Task to carry out
Go to the line with "Nitro Kid reveal" in the records below, then output it and each following line exactly, up to and including the line with "Paradise Gym - Gym in Miami, United States". Skip pictures and add nothing.

Material shown

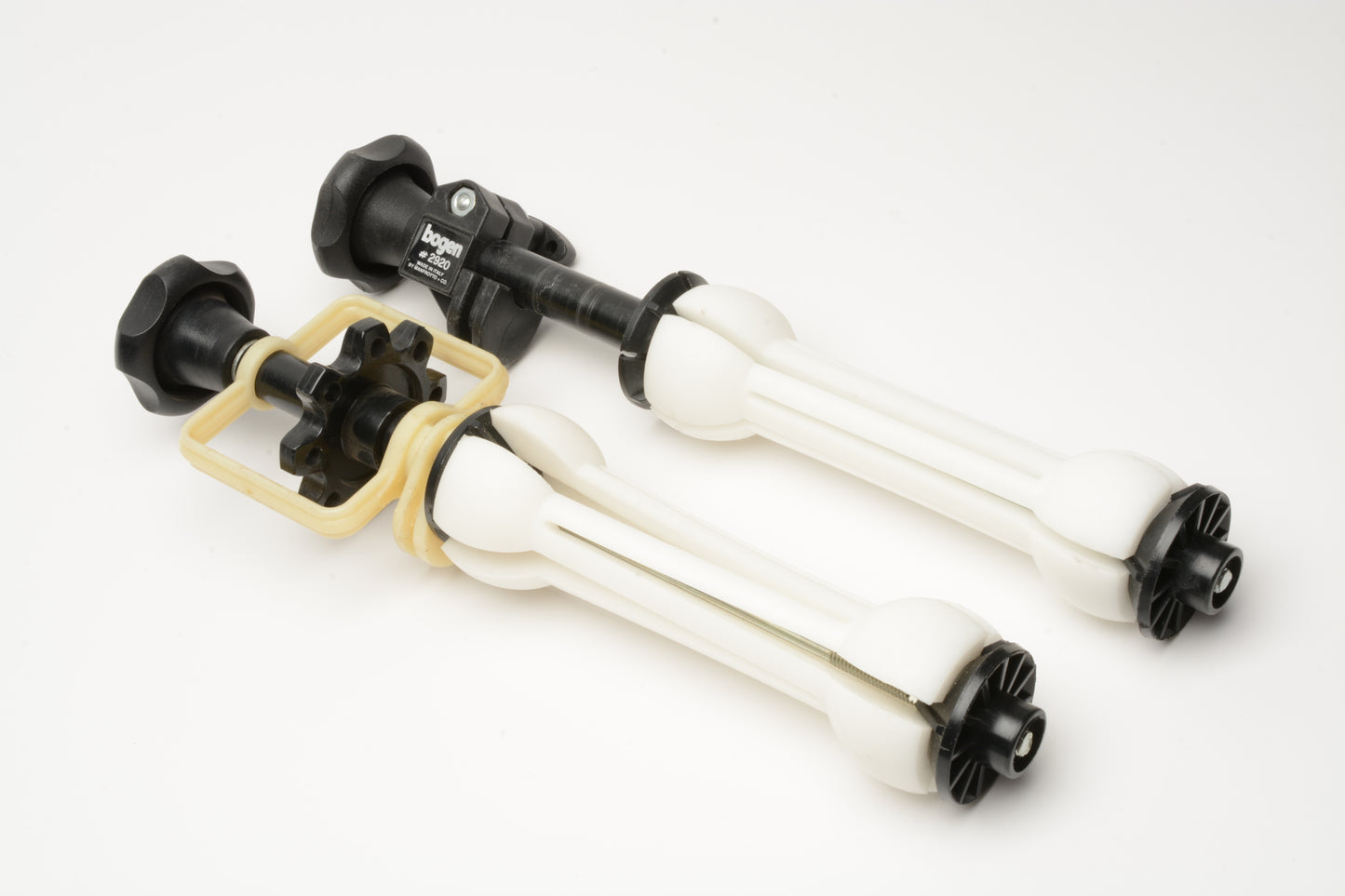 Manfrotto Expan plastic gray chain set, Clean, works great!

---

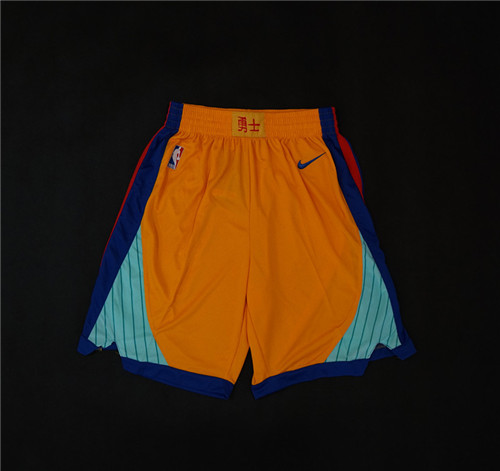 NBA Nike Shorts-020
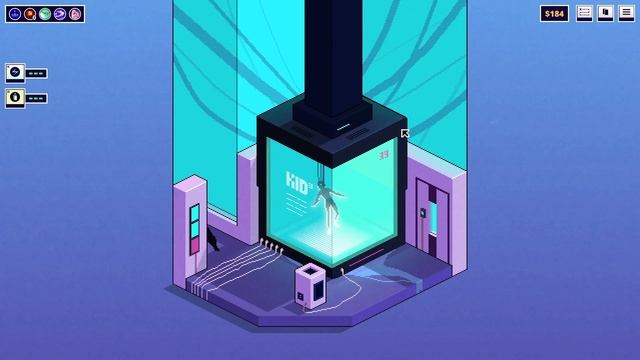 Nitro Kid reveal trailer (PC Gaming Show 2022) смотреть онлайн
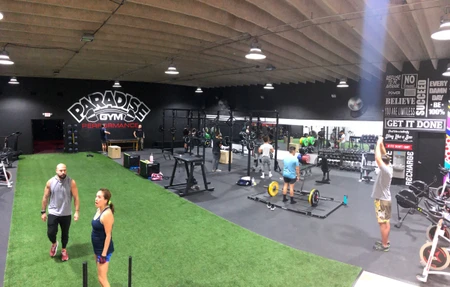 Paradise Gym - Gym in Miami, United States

Reply
 Nitro Kid reveal trailer (PC Gaming Show 2022) смотреть онлайн
 Paradise Gym - Gym in Miami, United States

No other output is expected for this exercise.